Morgan氏:セーブデータをはじめ、色々なテクノロジーを追加しました。ダンジョン攻略的なモードにおける、進みながらデッキを作っていくものとかですね。これがあれば、中断して後で進めることができるでしょう?1人でしっかり楽しめる、そんな技術をチームが頑張って可能にしました。

Thompson氏:それ以外にも、始めたばかりの新人プレイヤーを迎える要素もよくできたと思います。パックから、同じレジェンダリーが出ないようになっています。新拡張版の最初の10パックからレジェンダリーが必ず出てくること……それはエンジニアリングのおかげです。一番大きかったのはおそらく、25のランキングレベルかもしれません。新プレイヤーがランク50に入り、同じ新人同士で学び、見たことのないカードに出会うことなくコツをつかんで、ランクを5つ上げるとパックがもらえる……これらすべてにおいて、エンジニアリングの負担が大きかったと思いますし、可能にできたのは、Catたちのおかげです。


――開発している中で、入れるのは技術的に極めて難しい―例えばコードをたくさん書き換えないと入れられない、そういったキーワードやシステムはありましたか?

Morgan氏:それは私の仕事ではないのですが、エンジニアとして私たちはいつもデザイナーに「力」を与えようとしています。「はい、できます」といつでも答えたいですし、「魔法」を実現させたいんです。とはいえ、それに数年かかる場合もあります。

Thompson氏:その例の一つとして、「えー、本当に?」と最初に言わせたのは、「先遣隊長エリーズ」をパックに入れたときです。エンジニアたちも、「それってどういうこと?」と当初は言ってましたが、一丸となって「これならいけるかも」と答えてくれました。ほとんどの場合は「できる」と言ってくれますよ。

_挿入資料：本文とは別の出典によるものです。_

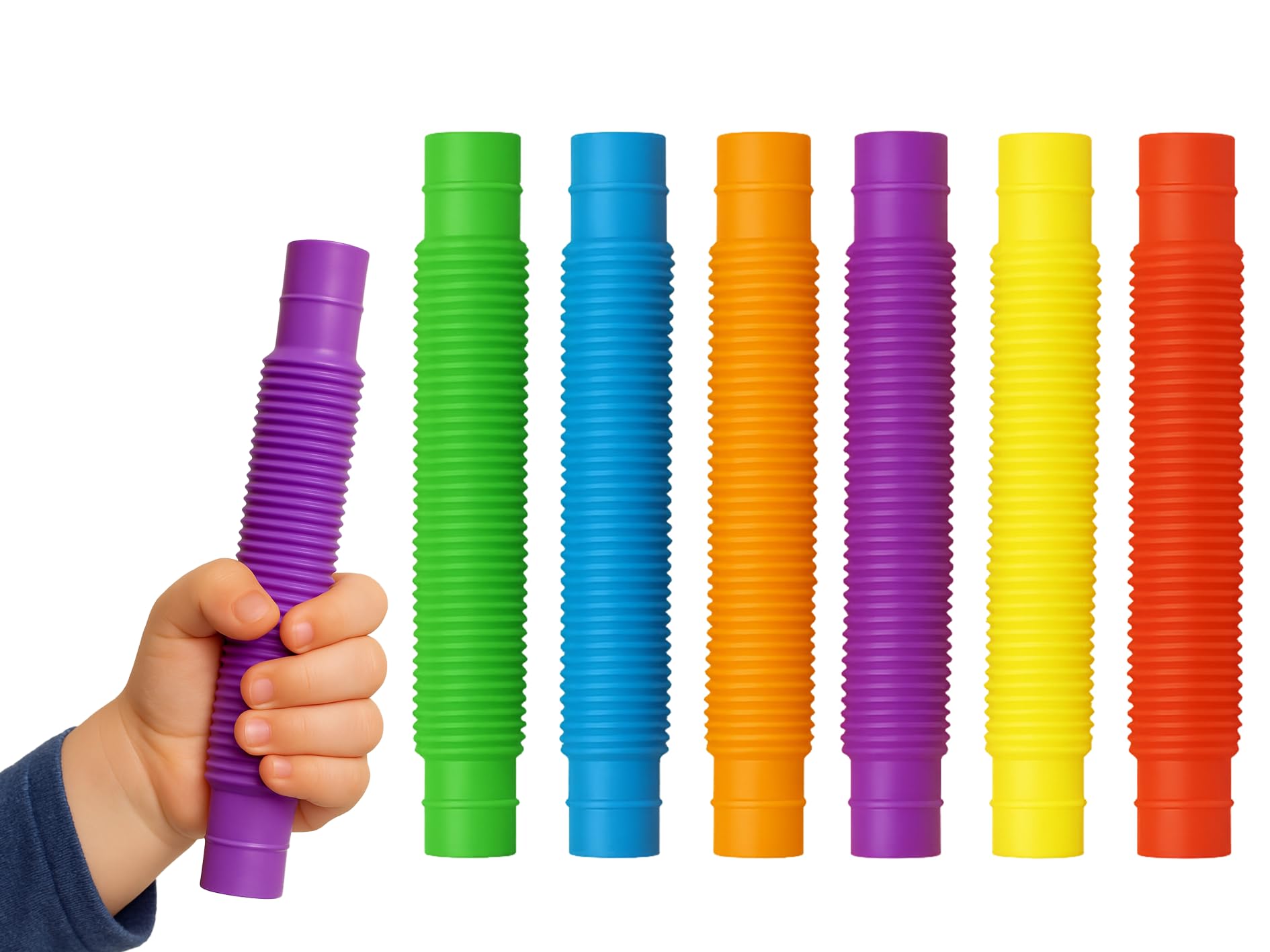 Storm&Lighthouse 6x Pop Tubes Small Connecting Pipes Bendable Stretch Fidget Toys for Kids & Adults Sensory Noisy Pull Tubes for ADHD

――キーワードに少し触れましたが、次にどのようなキーワードを加えるかを決めるまでに、どんなプロセスがありますか?CCGによく出てくる「ライフスティール」や「毒」などがありますが、『ハースストーン』特有のものもあります。

Thompson氏:「血祭」はそのいい例です。開発の初期段階で「血祭」は、「過剰ダメージを敵ヒーローに与えられる」というものでした。しかし、それはあまりにも直球すぎるようにも感じていたんです。

Morgan氏:『ハースストーン』はプレイヤーが判断するゲームです。初期段階のもう一つのバージョンは、過剰ダメージが左か、右か、ランダムなミニオンに与えられるというものでした。しかしそれより、「血祭」をもったカードに、そのカードに適したユニークなエフェクトを与えたほうが面白い判断がたくさん生まれるだろうと思いました。こういった「っぽさ」が『ハースストーン』の楽しさだと思います。

――『Magic: The Gathering Arena』のオープンベータや、Valveの『Artifact』、そしてリリース済みの『シャドウバース』といった様々なカードゲームが『ハースストーン』の成功をもとに作られています。『ハースストーン』のチームは逆に、彼らから何か学んだこと、例えばUIやゲームプレイ、デザインなどで『ハースストーン』にも入れてみたいものはありますか?

Thompson氏:たくさんのカードゲームが出ているというのは、私たちの考えが正しかったことを証明しています。『ハースストーン』を開発し始めた数年前、「カードゲームは開拓できていないので、作るのもプレイするのも楽しいゲームを作るタイミングが整っている」と感じていました。『ハースストーン』を作っていくことで、ほかのカードゲームにも道を切り開いたように思います。(カードゲームが)たくさんあるほうが良いでしょう。たくさんの人がカードゲームをプレイし、私たちの考えを理解し、『ハースストーン』を楽しく始める人が多ければ多いほど私たちの5年間の努力が報われます。そういった人たちを見るのは最高です。

Morgan氏:まず根本的に、私たちはカードゲームがとにかく大好きですし、ほかのカードゲームを見るのも素晴らしいと思います。チーム内では、ボードゲームやカードゲームをよくプレイしていますが、『ハースストーン』は今でも特別です。私たちは、「らしさ」を掴んだので、それを追求し続けるつもりです。

――少し話題を変えますが、シングルプレイヤーのコンテンツはボスと戦ってカードがもらえるアドベンチャーとして始まりました。それが、カードがもらえないがプレイの仕方が一味違うダンジョン攻略とパズルに代わりました。発表できないとは思いますが、今後のシングルプレイヤーではどんなコンセプトを検討していますか?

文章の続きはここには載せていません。